● Activity:
Reproduce, please, the line that holds "Spacieuse maison prête" and all later lines through the end of the entries below, exactly; omit pictures.

(Image-text web data)
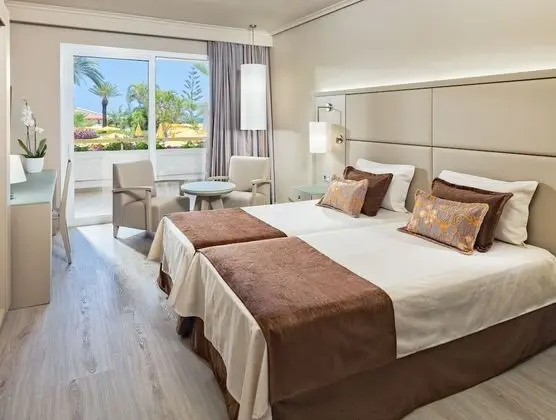 Tek Büyük Yataklı Oda, Kısmi Deniz Manzaralı (3 adults)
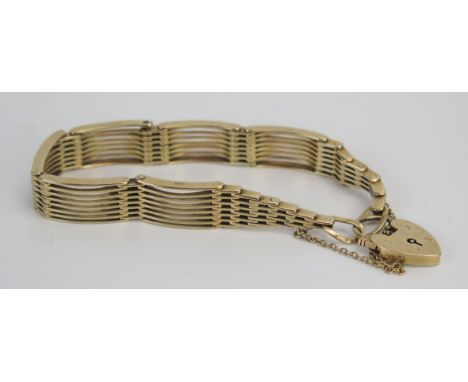 A 9ct Gold Gate Link Bracelet with 'padlock' clasp, 21.7g 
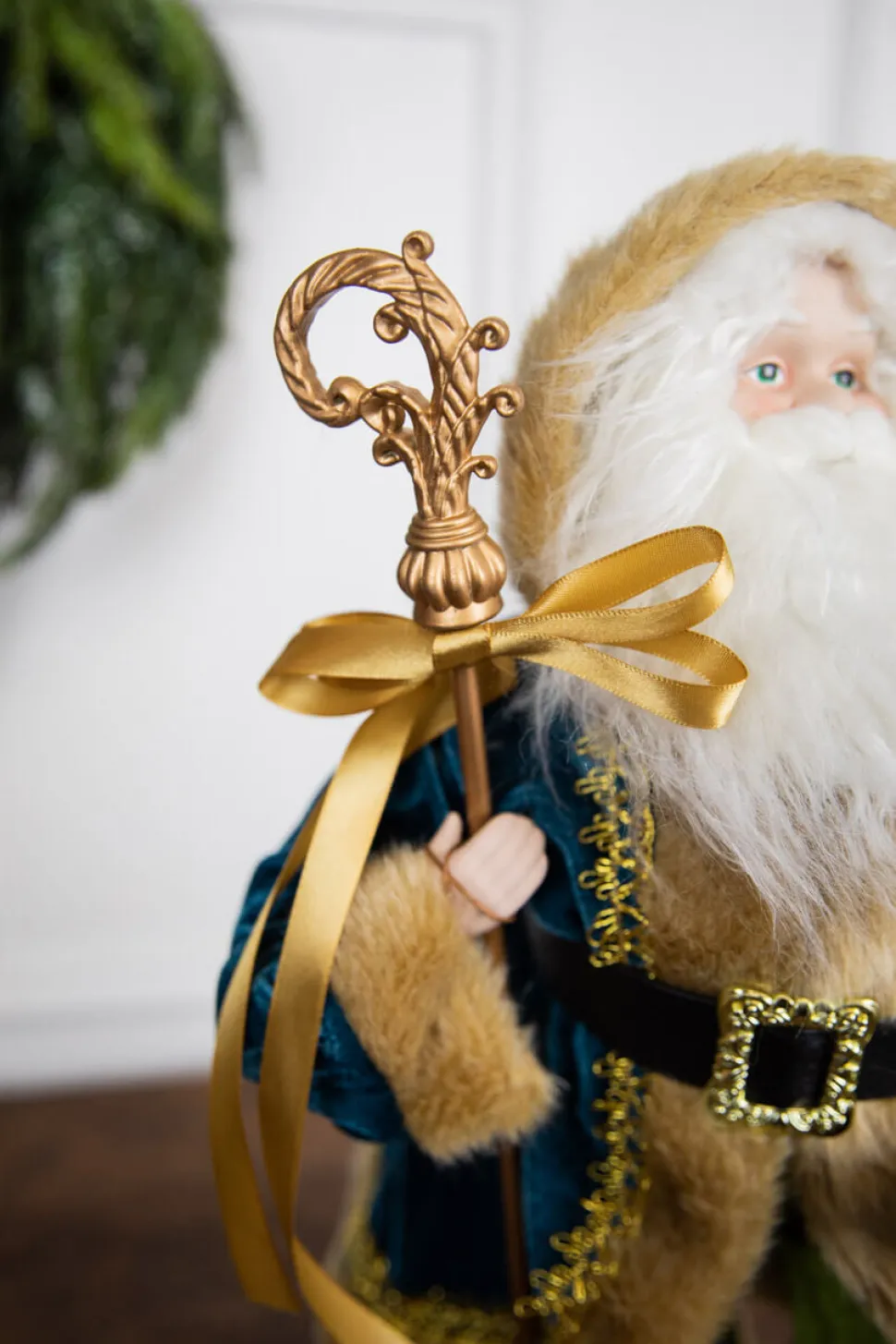 18” Santa Figure - Blue Coat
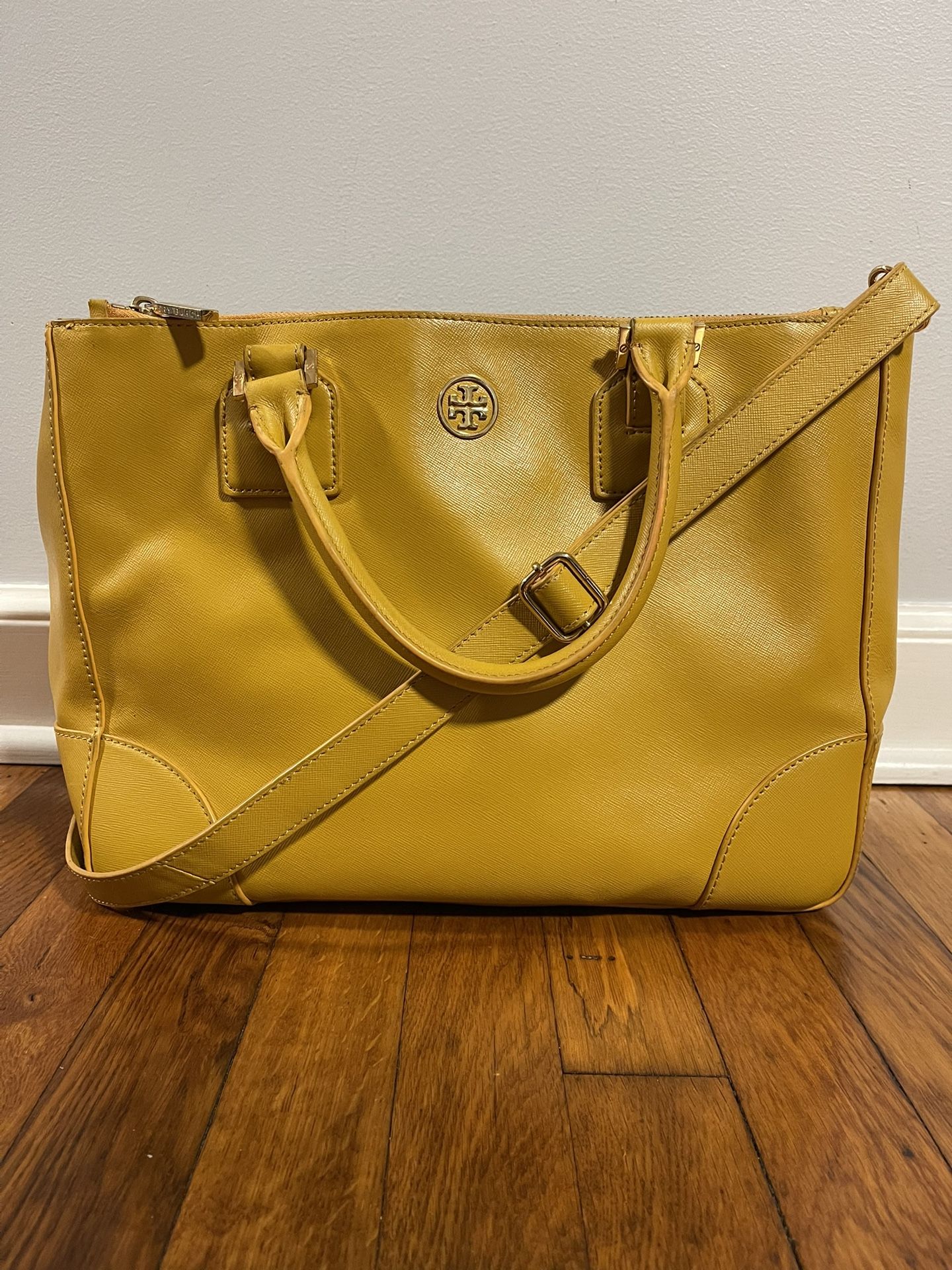 Beautiful Tory Burch Leather Crossbody Handbag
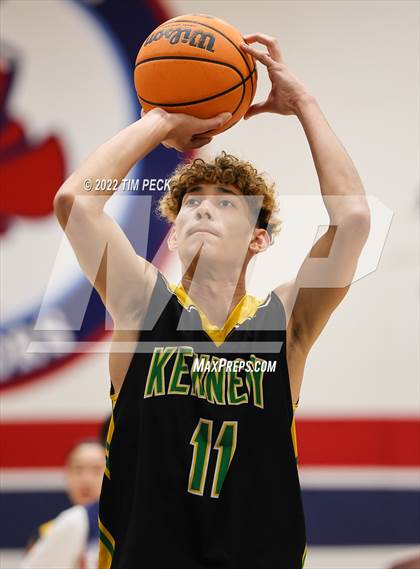 Thumbnail 3 in Kennedy @ Bolsa Grande photogallery.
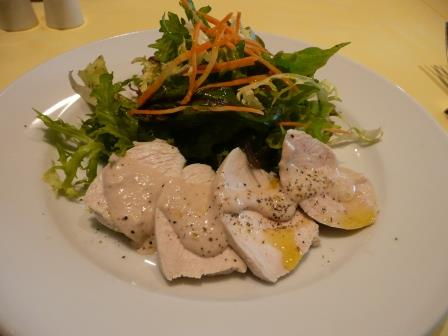 13:40　昭和町　カパンナ　蒸し鶏とサラダ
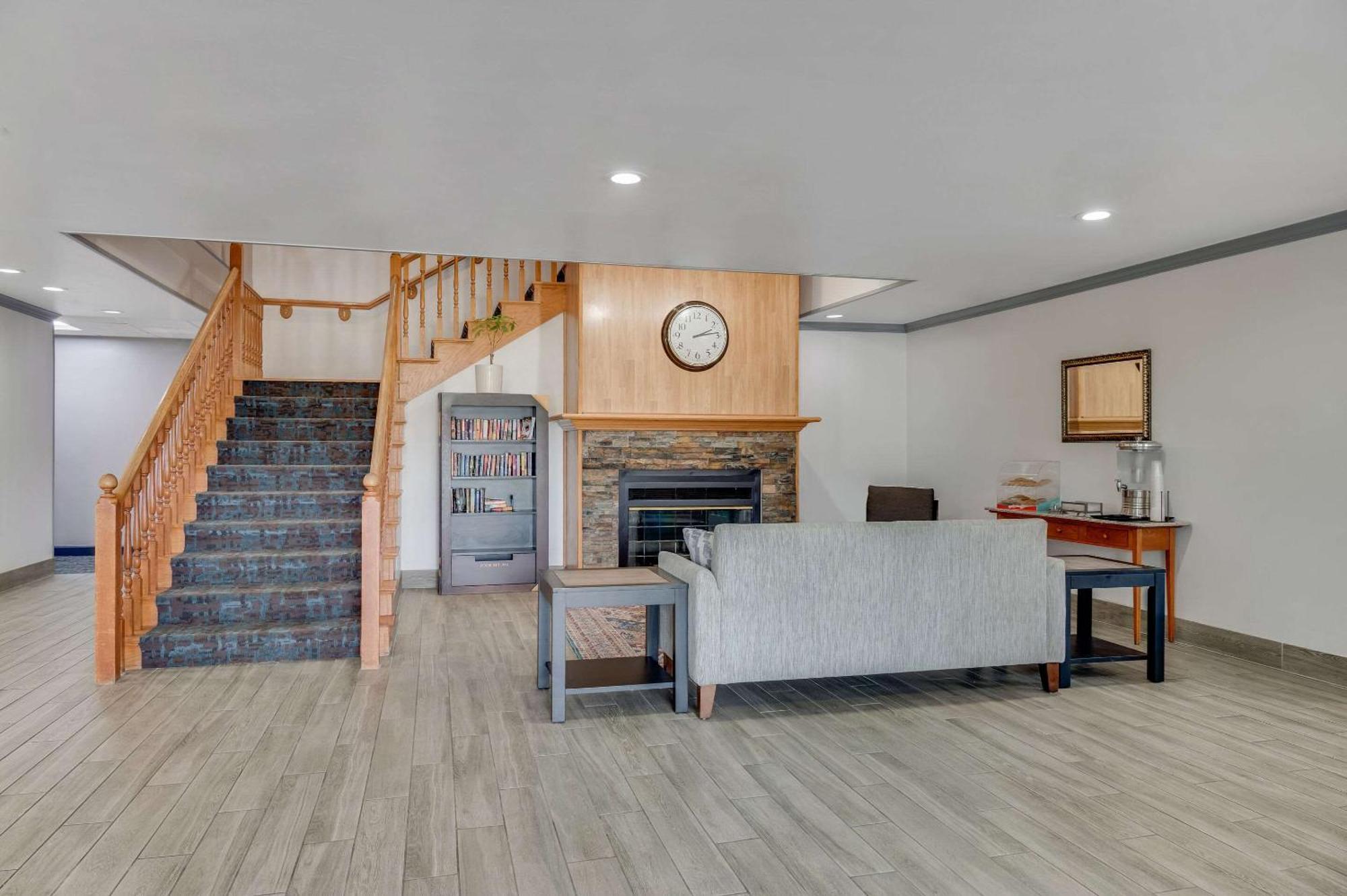 Country Inn & Suites By Radisson, Grand Rapids Airport, Mi Экстерьер фото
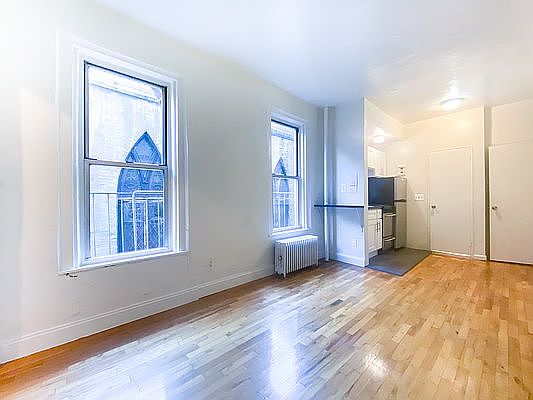 3rd image of 425 W 46th St APT 3C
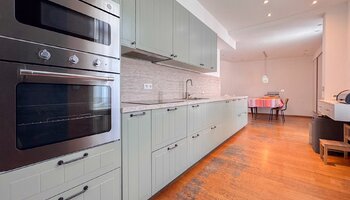 Spacieuse maison prête à emménager aux multiples possibilités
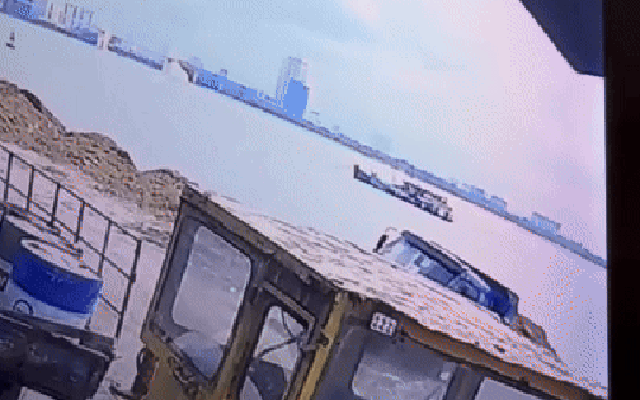 Clip: Nam tài xế cùng xe ben trượt xuống biển ở Cảng Tiên Sa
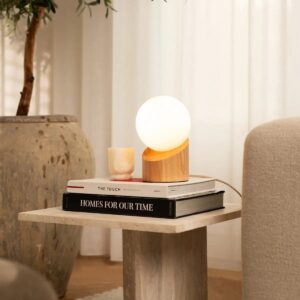 Quin Tischlampe Hellbraun aus Gummibaumholz und Milchglas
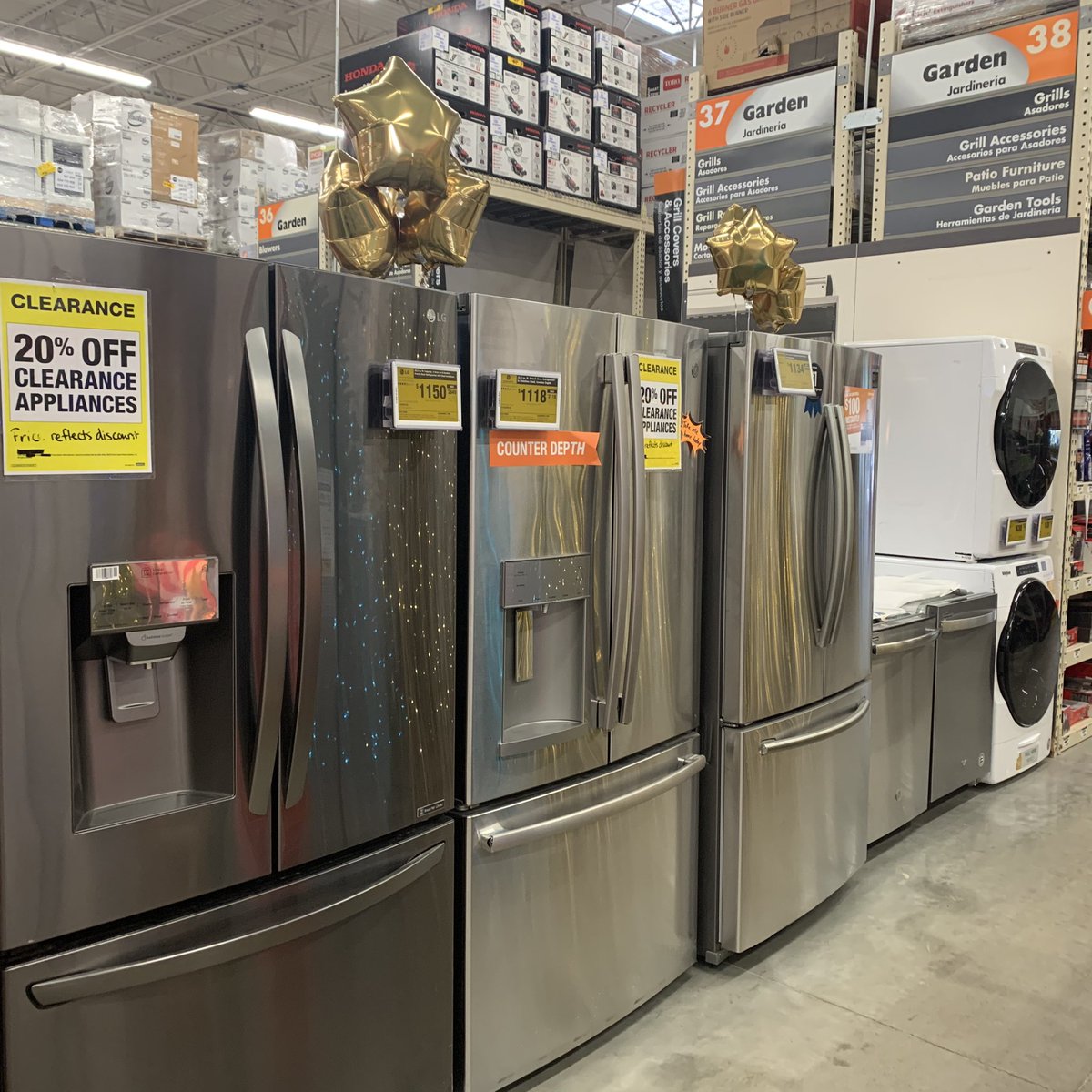 k_bailey93's tweet photo. Special savings on last minute purchases for home appliances here at the Ithaca Home Depot! Take us home today prices!! #twithaca #homedepot #christmasdeals #savings @DavidBalta4 @vcmarz @cwilmot81 @SRaymond1263 https://t.co/FGih4ymcmx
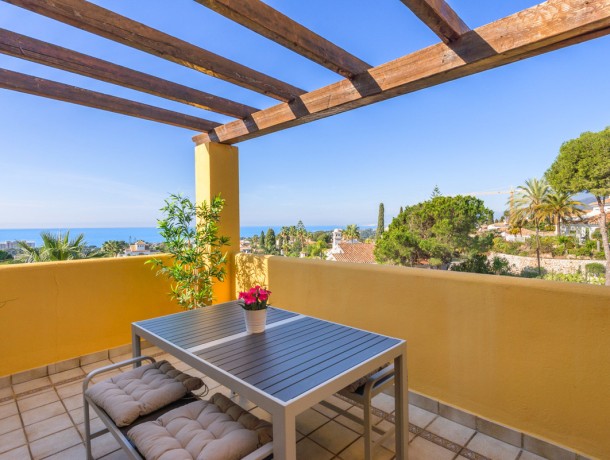 Villa for sale in El Rosario, Marbella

● Response to this task:
 Spacieuse maison prête à emménager aux multiples possibilités
 Clip: Nam tài xế cùng xe ben trượt xuống biển ở Cảng Tiên Sa
 Quin Tischlampe Hellbraun aus Gummibaumholz und Milchglas
 k_bailey93's tweet photo. Special savings on last minute purchases for home appliances here at the Ithaca Home Depot! Take us home today prices!! #twithaca #homedepot #christmasdeals #savings @DavidBalta4 @vcmarz @cwilmot81 @SRaymond1263 https://t.co/FGih4ymcmx
 Villa for sale in El Rosario, Marbella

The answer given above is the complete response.